16 Lewis & Clark L. Rev. 677 (2012)

This Article explores why the executive branch has declined to use three counterterrorism laws—the Alien Terrorist Removal Procedures, Section 412 of the Patriot Act, and the lone-wolf amendment to the Foreign Intelligence Surveillance Act—and suggests that the reason may be fear that the laws are unconstitutional and, paradoxically, that in some cases they provide too many rights to suspected alien terrorists. The Article also offers three insights from the non-use of counterterrorism laws: (1) that Congress may be passing political responses instead of needed counterterrorism protection; (2) that the judicial branch is using these laws to narrow the scope of other counterterrorism measures; and (3) that we may have a potential gap in security. In this way, the study of unused counterterrorism laws can prove just as insightful and helpful an exercise as the more traditional analysis of frequently used counterterrorism measures.

 

NOTES & COMMENTS

 

A SEARCH FOR THE CASELAW TO SUPPORT THE COMPUTER SEARCH “GUIDANCE” IN UNITED STATES V. COMPREHENSIVE DRUG TESTING

Christina M. Schuck

16 Lewis & Clark L. Rev. 741 (2012)

The ubiquitous use of computers by individuals and businesses presents a unique challenge to courts attempting to balance the legitimate needs of law enforcement with individuals’ Fourth Amendment rights. Despite a recent failed attempt by the Ninth Circuit in United States v. Comprehensive Drug Testing (CDT) to take a special approach to computer searches, it is still possible for courts to establish guidelines that are both supportable and practical.

Using the CDT guidelines, courts going forward should: (1) ask the government to forswear the use of the plain view doctrine to prevent a search of electronic data from becoming a prohibited general search; (2) narrowly apply the use of segregation teams in cases where third party information is at risk; (3) only require a search protocol in very limited situations; and (4) require the government to disclose the actual risks to data destruction in the particular case, instead of relying on generic hazards to justify a broad seizure of data.

Although unsupported in the opinion, the CDT guidelines provide courts valuable tools to analyze the reasonableness of a computer search.

CITIZEN-DIRECTED POLICE REFORM: HOW INDEPENDENT INVESTIGATIONS AND COMPELLED OFFICER TESTIMONY CAN INCREASE ACCOUNTABILITY

Kristen Chambers

16 Lewis & Clark L. Rev. 783 (2012)

Police misconduct in the United States has spurred decades of police reform efforts, but change has been slow and not attributable to any particular method.
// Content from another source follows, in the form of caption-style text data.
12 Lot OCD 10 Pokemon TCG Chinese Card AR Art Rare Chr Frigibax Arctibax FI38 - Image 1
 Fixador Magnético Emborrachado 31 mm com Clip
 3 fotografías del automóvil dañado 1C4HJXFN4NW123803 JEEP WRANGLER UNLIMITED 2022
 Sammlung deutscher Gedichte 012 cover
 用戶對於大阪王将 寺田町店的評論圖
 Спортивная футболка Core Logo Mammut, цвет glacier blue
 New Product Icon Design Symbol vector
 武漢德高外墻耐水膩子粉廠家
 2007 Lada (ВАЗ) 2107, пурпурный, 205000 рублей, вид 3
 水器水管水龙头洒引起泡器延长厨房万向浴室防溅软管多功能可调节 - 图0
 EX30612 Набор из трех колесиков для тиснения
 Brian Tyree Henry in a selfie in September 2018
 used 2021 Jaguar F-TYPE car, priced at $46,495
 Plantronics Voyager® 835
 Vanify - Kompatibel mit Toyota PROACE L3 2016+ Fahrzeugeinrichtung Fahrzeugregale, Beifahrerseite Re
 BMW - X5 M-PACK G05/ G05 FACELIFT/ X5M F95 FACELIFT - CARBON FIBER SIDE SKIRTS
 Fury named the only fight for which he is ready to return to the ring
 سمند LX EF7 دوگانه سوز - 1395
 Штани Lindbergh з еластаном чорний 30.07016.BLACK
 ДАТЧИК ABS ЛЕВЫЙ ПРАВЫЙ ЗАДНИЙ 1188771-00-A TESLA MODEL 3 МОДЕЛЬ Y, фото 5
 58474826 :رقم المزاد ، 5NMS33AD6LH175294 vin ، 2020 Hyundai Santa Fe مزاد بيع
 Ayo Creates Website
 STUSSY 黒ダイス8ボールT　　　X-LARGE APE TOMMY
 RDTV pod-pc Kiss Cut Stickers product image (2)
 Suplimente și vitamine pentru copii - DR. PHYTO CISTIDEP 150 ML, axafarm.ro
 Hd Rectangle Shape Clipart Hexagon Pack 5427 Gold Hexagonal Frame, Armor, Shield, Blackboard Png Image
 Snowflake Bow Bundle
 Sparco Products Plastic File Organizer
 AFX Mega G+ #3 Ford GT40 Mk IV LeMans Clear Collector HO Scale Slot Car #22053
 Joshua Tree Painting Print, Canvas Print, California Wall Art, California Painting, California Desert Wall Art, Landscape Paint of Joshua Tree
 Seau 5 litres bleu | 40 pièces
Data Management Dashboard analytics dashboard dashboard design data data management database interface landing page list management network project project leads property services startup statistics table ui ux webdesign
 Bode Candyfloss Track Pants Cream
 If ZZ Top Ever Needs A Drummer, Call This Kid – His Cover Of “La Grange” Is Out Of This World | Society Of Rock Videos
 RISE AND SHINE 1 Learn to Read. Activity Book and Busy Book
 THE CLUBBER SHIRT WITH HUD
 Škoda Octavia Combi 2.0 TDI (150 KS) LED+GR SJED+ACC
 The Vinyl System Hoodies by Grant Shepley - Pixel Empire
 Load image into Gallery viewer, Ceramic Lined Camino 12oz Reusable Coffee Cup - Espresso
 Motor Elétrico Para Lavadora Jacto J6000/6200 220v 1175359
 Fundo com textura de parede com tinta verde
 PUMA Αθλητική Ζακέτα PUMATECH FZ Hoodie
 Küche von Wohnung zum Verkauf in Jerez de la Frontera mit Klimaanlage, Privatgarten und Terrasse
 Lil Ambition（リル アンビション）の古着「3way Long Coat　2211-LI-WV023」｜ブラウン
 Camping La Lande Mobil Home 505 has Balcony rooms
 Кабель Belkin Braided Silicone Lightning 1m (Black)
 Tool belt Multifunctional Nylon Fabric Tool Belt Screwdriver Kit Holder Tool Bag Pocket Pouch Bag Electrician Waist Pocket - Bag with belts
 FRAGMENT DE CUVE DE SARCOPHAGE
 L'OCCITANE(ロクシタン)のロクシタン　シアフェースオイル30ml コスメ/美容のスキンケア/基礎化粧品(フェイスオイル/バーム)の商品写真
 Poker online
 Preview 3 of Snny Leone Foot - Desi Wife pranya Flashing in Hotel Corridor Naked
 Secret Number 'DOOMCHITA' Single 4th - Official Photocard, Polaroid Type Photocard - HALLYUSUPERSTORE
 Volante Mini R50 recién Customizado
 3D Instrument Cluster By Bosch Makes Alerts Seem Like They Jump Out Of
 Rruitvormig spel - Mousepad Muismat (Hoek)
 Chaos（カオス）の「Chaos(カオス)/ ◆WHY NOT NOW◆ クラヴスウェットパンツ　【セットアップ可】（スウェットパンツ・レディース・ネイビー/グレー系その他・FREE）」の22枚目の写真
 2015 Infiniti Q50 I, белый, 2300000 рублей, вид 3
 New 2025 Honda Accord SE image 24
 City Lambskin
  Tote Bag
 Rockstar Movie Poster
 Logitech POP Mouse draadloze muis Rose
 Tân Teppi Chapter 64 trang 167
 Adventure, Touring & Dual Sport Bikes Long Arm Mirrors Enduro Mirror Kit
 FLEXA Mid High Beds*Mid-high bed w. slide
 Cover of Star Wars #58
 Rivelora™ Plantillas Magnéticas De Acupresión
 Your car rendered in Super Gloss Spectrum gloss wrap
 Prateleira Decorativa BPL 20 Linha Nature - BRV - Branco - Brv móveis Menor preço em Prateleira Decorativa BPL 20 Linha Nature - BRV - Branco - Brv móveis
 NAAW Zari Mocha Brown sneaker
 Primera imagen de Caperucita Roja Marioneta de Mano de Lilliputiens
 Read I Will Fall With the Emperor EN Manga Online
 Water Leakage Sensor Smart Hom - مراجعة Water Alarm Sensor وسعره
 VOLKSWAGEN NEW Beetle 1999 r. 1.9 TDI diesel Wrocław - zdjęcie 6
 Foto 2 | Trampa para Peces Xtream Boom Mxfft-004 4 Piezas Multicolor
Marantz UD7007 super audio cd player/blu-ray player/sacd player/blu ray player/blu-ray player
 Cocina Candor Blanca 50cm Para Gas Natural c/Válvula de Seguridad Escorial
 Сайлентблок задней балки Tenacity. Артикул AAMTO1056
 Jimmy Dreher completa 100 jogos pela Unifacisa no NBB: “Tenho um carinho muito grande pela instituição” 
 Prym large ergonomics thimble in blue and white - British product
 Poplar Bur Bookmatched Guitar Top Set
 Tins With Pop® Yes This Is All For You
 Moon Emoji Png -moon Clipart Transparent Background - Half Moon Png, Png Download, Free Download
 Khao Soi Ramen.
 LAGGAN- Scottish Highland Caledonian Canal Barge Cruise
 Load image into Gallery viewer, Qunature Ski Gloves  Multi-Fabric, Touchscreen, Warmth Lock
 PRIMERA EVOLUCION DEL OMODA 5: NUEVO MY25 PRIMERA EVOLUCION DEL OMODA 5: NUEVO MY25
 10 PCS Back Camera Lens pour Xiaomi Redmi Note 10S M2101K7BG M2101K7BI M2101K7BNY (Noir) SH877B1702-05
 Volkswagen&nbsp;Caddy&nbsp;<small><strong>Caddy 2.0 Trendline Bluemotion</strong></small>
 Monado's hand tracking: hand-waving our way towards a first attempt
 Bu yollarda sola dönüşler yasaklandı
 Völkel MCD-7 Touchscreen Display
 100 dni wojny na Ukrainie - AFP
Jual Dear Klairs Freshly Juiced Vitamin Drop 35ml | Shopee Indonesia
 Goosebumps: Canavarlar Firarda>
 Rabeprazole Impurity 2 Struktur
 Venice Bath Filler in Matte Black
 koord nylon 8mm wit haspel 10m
One method that seems promising both to remedy individual harms and to help transform police culture is citizen oversight of the police. This Note argues that citizen oversight agencies can aid in reformation of the police by conducting independent investigations of police misconduct. To be effective, such investigations must be conducted by citizen oversight agencies that are truly independent and vested with ample authority. In this Note, examples from Portland, Oregon’s citizen oversight agency are used to illustrate common hurdles to conducting independent investigations, with specific focus on gaining the power to compel officer testimony. This Note challenges municipal deference to collective bargaining agreements with respect to police oversight and suggests methods for citizen oversight agencies to gain more independence and power.